In 2015, at the Conference of Paris (COP), The United Nations Framework Convention on Climate Change (UNFCCC) came to an agreement that an ambitious undertaking for combating climate change was necessary . To put the dire situation into perspective, it is stated that half a million people die a year due to outdoor air pollution . In order to put this goal into motion, there is a need for not only a financial commitment but also a push for innovation. The largest city attempting to accomplish the goal of lowering greenhouse emissions by 80% by 2050 is New York. Interestingly enough, 70% of New York’s greenhouse gas emissions are due to “dirty buildings” . The state challenged these so called “dirty buildings” to clean up their act or face the consequence of fines as high as one million dollars. It is written that large buildings are to cut their emissions by 40% by 2030 and 80% by 2050. While these goals are ambitious; they can be accomplished with an overhaul of efficient energy systems. Large buildings and Universities alike are looking toward geothermal energy for its potential as an efficient energy system. University research, Laws, and strict guidelines are paving the way for a rise in Geothermal energy in New York City.
University Innovation
Cornell University in Ithaca New York uses Cayuga Lake as a source for cooling its campus (Figure 1). The campus has reduced electricity consumption for central campus air by 86% and over all electricity use by 10 percent. In their “Earth Source Heat Project,” Cornell proposes to circulate initially cool water through subsurface reservoirs, where it will be naturally heated by the warmer temperature of the rocks. The school director projects that the entire project from research to drilling may be accomplished within 6 years, but faculty and students alike agree this is a rough estimate. Universities such as Cornell are providing research for the New York area to grasp a better understanding of energy efficient systems. However under the City itself is there easement for a project as such?
City Innovation
Upon first glance it may be questioned if geothermal energy can be implemented in the sparse available easement in the city. After a study was commissioned by the state government in 2015 it was determined that it was not only possible, but that there were multiple ways that geothermal systems could be implemented in these tight places. A year later, New York Mayor De Blasio signed a bill “requiring all City owned buildings to undergo a cost efficiency analysis to determine favorability of geothermal systems.” Trevor Day School was the first educational institution to contribute to the Mayor’s Geothermal goals (figure 2) (“NYC building”). The School is heated and cooled by energy piles. Geothermal energy piles use the near constant temperature of the ground to heat and cool spaces.

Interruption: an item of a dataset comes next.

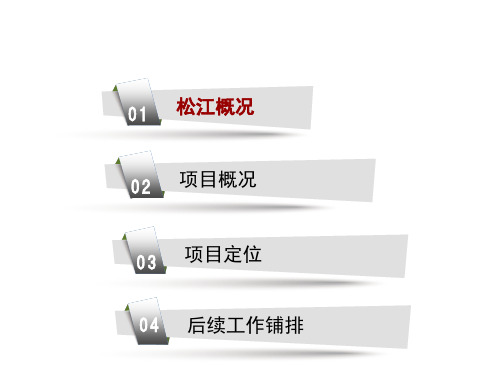 上海松江工业地块市场报告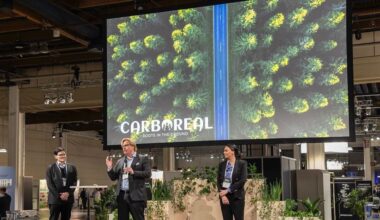 Carboreal jatkaa vahvaa kasvuaan – vapaaehtoisen hiilensidonnan markkina laajenee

Geothermal heat piles are a relatively new energy technique. The piles of the building strategically provide dual functionality. In more detail, the piles both support the building as well as provide geothermal heating and cooling. It works by employing a closed piping system within the pile itself (figure 2). Within the pipes there is a mixture of water and some form of antifreeze. This fluid moves through the pipes by means of a heat pump. This system is convenient for its dual responsibility, efficiency and affordability. In spite of its convenience; there is little comprehensive data with regard to heat piles. More specifically there is a lack of calculation methods for the design of geothermal heat piles. The complex interaction between the thermal storage and mechanical behavior of the structure is not fully understood within the design. Because of the lack of information, the safety factor for the piles is considerably increased. Not only that, but while the energy pile are efficient; construction workers argue that they are costly because they require “nonstandard construction skill”. The use of energy piles continues to be both common as well as questionable.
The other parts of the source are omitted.